Non era abbastanza però. Così la scorsa settimana, mentre il grande pubblico era distratto dal caldo, dal green pass e dalla riforma della giustizia, nelle pieghe della legge di conversione del “Decreto sostegni bis” è stata introdotta un’ulteriore, subdola modifica, destinata a sterilizzare ulteriormente le già misere tutele del Decreto dignità.
Alle causali previste dalla riforma del 2018 (esigenze temporanee e oggettive, estranee all’ordinaria attività, ovvero di sostituzione di altri lavoratori, ed esigenze connesse a incrementi temporanei, significativi e non programmabili, dell’attività ordinaria), viene aggiunta una terza ipotesi: “specifiche esigenze previste dai contratti collettivi” nazionali, territoriali o aziendali.
Si potrebbe obiettare che il compito dei sindacati è precisamente quello di tutelare al meglio i lavoratori, e che dunque la contrattazione sia la miglior garanzia che non ci saranno soprusi.
Già in tempi normali, questa obiezione si scontra con la realtà. Ma non siamo neppure in tempi normali, bensì in piena emergenza: un’emergenza che il padronato intende far ricadere sulle spalle dei lavoratori, come stanno dimostrando queste prime settimane della progressiva fine del divieto di licenziamento.

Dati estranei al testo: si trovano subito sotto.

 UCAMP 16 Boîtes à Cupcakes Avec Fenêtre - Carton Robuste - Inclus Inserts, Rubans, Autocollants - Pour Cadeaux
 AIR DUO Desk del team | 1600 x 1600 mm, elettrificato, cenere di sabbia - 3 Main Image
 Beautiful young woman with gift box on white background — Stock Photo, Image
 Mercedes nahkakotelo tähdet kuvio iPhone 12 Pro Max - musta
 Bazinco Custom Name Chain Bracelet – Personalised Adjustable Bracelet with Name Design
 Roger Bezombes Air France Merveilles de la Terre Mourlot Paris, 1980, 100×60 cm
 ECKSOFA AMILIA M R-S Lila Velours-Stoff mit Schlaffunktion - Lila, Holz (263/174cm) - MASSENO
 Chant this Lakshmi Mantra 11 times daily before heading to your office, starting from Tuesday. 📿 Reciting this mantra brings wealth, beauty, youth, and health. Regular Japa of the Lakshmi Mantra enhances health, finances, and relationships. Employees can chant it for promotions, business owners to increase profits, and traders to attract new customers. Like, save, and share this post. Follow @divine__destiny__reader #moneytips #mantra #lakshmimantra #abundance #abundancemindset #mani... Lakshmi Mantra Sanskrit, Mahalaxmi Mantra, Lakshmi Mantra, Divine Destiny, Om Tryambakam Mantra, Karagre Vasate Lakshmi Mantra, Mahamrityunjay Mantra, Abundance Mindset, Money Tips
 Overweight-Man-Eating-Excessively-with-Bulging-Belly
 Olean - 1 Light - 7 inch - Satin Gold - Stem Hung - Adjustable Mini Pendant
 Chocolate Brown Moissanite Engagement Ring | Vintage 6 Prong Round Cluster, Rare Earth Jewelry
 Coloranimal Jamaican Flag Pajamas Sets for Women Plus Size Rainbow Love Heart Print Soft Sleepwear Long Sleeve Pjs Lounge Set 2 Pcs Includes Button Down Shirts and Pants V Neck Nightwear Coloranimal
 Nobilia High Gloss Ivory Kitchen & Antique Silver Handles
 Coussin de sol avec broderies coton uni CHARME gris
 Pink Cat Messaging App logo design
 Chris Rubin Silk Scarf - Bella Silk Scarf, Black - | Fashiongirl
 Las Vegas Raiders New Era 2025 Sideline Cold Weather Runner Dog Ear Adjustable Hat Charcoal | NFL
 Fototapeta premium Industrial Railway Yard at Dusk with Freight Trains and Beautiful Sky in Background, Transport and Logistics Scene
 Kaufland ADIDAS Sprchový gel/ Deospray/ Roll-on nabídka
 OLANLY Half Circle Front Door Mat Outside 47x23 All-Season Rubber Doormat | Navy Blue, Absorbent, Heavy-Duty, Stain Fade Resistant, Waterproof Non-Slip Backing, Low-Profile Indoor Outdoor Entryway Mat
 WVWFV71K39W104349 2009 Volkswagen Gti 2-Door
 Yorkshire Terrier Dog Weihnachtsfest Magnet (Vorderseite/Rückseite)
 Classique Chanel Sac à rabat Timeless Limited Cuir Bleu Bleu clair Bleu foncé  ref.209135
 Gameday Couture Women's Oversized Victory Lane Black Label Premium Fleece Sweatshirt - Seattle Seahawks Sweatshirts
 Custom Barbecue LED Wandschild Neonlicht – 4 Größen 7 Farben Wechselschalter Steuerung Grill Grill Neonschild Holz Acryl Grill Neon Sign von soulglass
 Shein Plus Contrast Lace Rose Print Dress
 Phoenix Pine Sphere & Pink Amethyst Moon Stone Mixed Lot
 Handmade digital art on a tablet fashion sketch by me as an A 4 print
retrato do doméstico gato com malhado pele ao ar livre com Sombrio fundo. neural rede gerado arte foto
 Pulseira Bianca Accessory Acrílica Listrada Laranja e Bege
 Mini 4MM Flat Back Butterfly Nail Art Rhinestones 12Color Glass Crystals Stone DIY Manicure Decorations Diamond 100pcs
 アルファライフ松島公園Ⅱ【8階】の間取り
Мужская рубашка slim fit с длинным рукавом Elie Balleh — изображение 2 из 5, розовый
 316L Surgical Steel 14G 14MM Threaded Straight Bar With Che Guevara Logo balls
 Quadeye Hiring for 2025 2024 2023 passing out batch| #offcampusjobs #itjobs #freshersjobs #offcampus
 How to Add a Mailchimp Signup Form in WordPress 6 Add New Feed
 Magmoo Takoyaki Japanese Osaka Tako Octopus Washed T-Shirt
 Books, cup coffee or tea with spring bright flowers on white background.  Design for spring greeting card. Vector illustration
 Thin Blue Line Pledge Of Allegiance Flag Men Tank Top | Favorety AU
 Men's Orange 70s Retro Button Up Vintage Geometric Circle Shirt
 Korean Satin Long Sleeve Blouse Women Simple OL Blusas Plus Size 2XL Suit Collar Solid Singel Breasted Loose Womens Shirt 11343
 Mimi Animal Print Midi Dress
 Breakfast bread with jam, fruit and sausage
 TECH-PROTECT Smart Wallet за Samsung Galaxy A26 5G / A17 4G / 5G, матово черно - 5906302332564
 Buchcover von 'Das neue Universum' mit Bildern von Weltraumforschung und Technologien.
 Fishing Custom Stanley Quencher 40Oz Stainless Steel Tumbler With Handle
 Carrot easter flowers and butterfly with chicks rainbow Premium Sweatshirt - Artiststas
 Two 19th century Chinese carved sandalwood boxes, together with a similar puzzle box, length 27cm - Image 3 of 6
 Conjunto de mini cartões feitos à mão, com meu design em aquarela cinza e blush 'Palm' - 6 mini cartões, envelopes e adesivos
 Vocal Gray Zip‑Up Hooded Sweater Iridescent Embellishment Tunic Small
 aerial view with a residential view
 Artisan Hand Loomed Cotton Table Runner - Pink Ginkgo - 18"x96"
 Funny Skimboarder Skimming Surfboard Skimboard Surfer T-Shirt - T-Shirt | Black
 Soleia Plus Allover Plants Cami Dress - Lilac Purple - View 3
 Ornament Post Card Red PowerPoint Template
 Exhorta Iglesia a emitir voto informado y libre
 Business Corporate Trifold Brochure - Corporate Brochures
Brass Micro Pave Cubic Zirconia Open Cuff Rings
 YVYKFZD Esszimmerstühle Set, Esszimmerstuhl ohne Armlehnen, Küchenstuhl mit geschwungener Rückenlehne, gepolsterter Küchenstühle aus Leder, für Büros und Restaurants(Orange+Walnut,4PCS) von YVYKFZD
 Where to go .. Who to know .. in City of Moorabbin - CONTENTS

Siamo di fronte a una fase che, nelle intenzioni del padronato e di chi lo rappresenta, dovrà essere di profonda ristrutturazione del tessuto lavorativo: fuori i lavoratori più anziani, più tutelati, con stipendi più alti, basta con i contratti stabili, “protetti” dall’articolo 18. Il ricambio avverrà con contratti precari, flessibili, pagati molto meno. Il nocciolo duro, comunque, necessario, di assunzioni stabili, sarà comunque licenziabile senza troppi complimenti grazie al Jobs Act.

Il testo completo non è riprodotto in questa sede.